Markets rebounded from the holiday plunge, gaining over $3.50/bbl while the stock markets roared upwards as well. This morning, though, those gains are struggling to hold on. Crude is currently trading at $45.15, hovering near the $45/bbl level after shedding $1.07.
Fuel prices are also lower after hefty gains yesterday. Diesel prices gained 7 cents yesterday, while gasoline picked up 8 cents. This morning, diesel prices are trading at $1.7106, down 2.3 cents from yesterday’s close. Gasoline prices are $1.3230, a lighter loss of 0.7 cents.
Yesterday’s rally was in part a sympathetic reaction to the massive stock market gains – the Dow picked up over 1,000 points yesterday as traders temporarily forgot the US-China trade war and Fed rate hikes and instead looked around at the outstanding retail sales this holiday season and other strong economic indicators. It’s too early to call a bottom to the recent bear market, but yesterday’s rally proved that the bulls are still lurking in the market and can react quickly to send prices higher.

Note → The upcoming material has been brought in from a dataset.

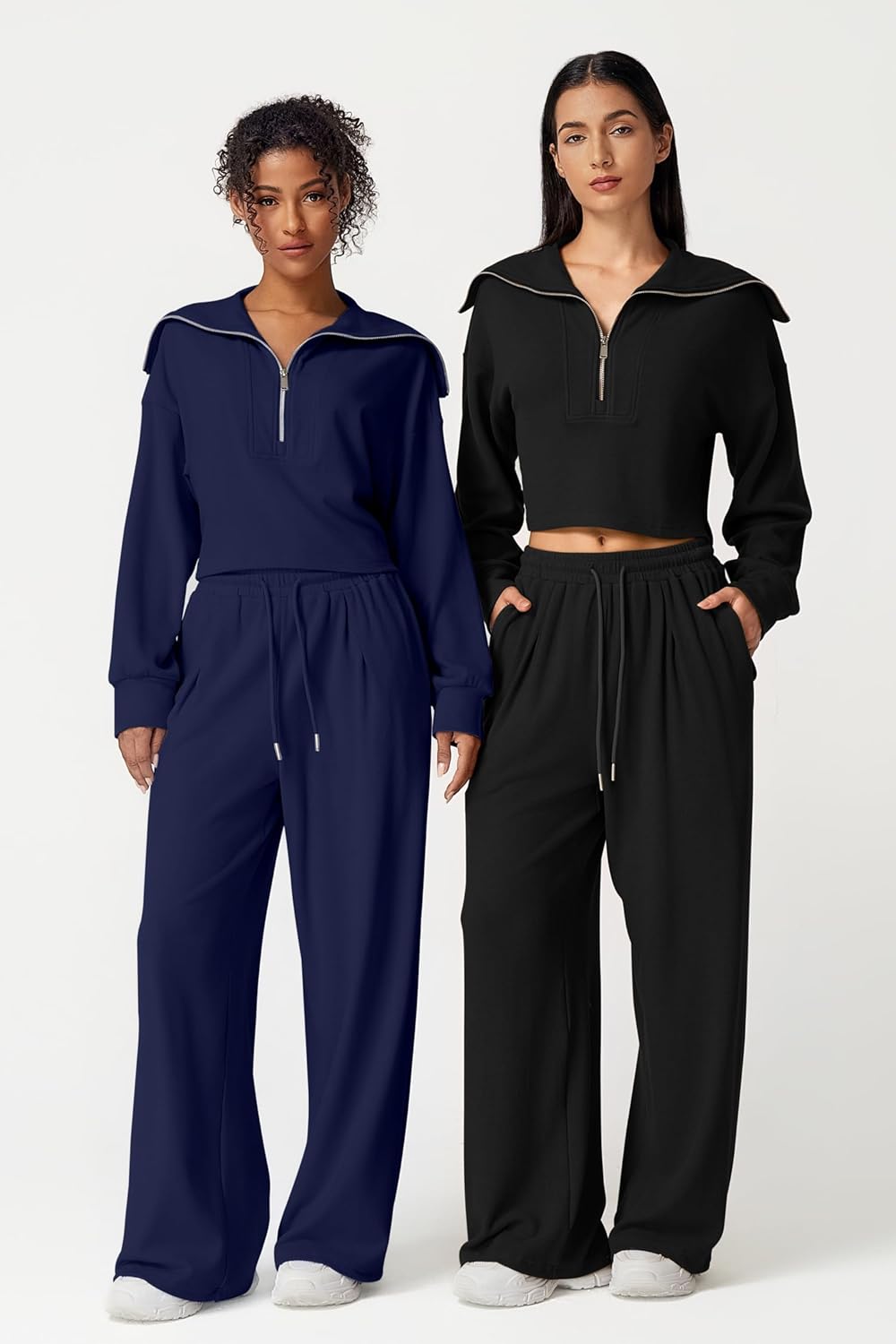 QINSEN Women Cozy 2 Piece Lounge Matching Set Wide Leg Sweatpants Half Zip Crop Sweatshirt Outfits - Image 5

Adding to the bullishness was concerns over Venezuelan production. Venezuela’s production has been steadily declining all year, with further losses expected in the future. The military has taken over PDVSA, Venezuela’s state-owned energy company, and military leaders lack the industry acumen needed to turn around flagging production. Struggling with 1,000,000% inflation, PDVSA has reportedly lost nearly a quarter of its work force compared to 2016, and the company struggles to meet its supply commitments. While declining Venezuelan production is already baked into global supply forecasts, an acceleration in losses could tighten the market somewhat.